What the task asks: Directions for the data below: repeat exactly the lines from the one with "银一叶美白祛斑霜效果怎么样" through the one with "制作软件开发,精实迅版莠品_解释版GFH5", both included, and omit all pictures.

Data supplied:
-- Opening Marker --

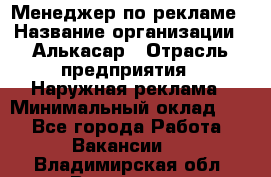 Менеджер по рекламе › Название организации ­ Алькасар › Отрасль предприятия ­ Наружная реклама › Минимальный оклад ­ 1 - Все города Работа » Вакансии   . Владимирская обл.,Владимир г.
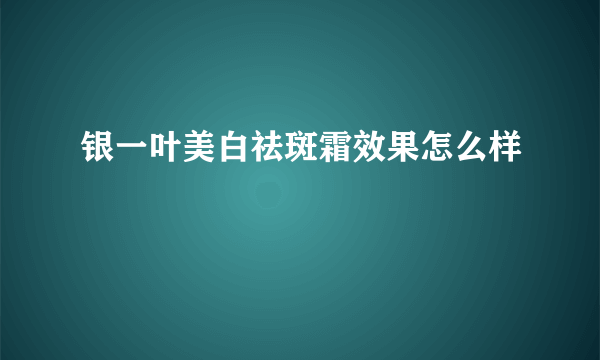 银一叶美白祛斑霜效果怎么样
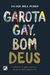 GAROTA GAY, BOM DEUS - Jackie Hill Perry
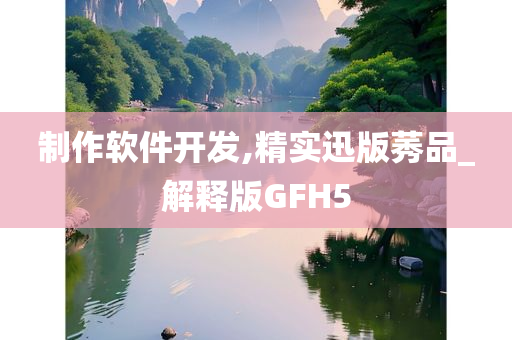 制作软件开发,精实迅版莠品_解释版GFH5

-- Closing Marker --
-- Opening Marker --

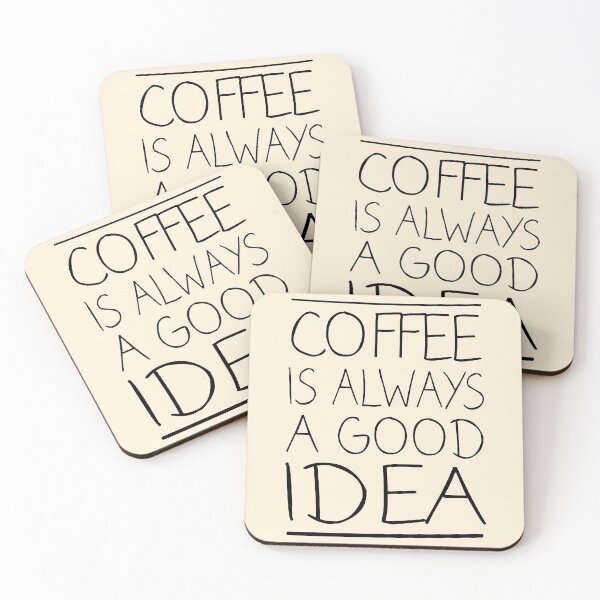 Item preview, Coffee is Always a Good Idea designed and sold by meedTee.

-- Closing Marker --

Completed task:
 银一叶美白祛斑霜效果怎么样
 GAROTA GAY, BOM DEUS - Jackie Hill Perry
 制作软件开发,精实迅版莠品_解释版GFH5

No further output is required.